## INSTRUCTIONS FOR THE TASK
Please reproduce the lines from the one containing "Antique mirror 89/60.5cm" through the end of the data below exactly as they stand, and omit all pictures.

## GIVEN MATERIAL
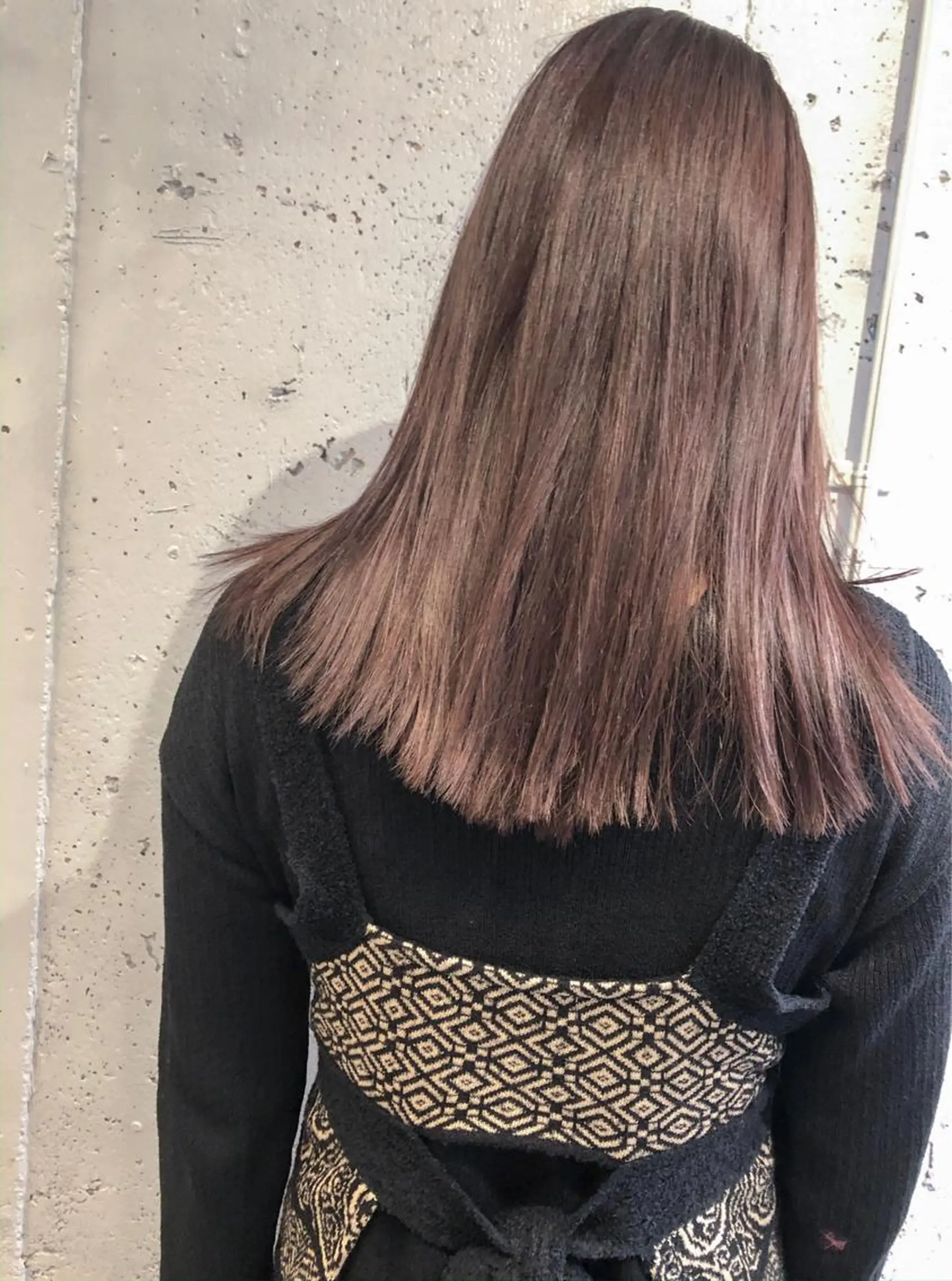 ロング カット ヘアカラー トリートメント nessヤマサキ リュウタのヘアスタイル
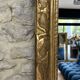 Antique mirror 89/60.5cm 19th century Regency style gilded with gold leaf, mercury glass.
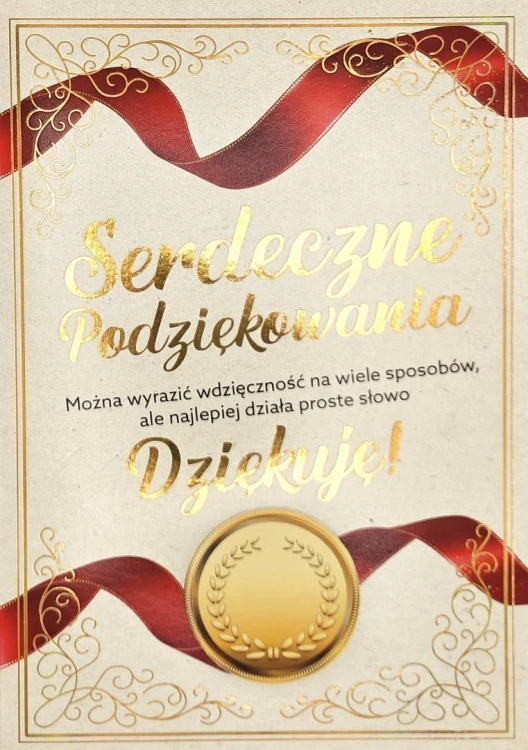 Karnet 3K Podziękowania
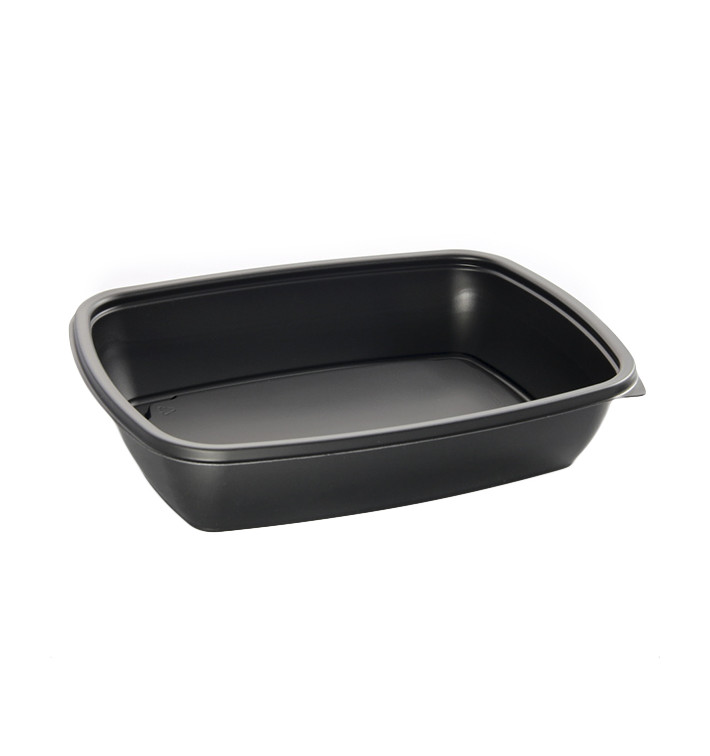 Plastic deli Container PP zwart 900ml 23x16,5cm (300 stuks) Plastic deli Container PP zwart 900ml 23x16,5cm (300 stuks)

## WRITTEN SOLUTION
 Antique mirror 89/60.5cm 19th century Regency style gilded with gold leaf, mercury glass.
 Karnet 3K Podziękowania
 Plastic deli Container PP zwart 900ml 23x16,5cm (300 stuks) Plastic deli Container PP zwart 900ml 23x16,5cm (300 stuks)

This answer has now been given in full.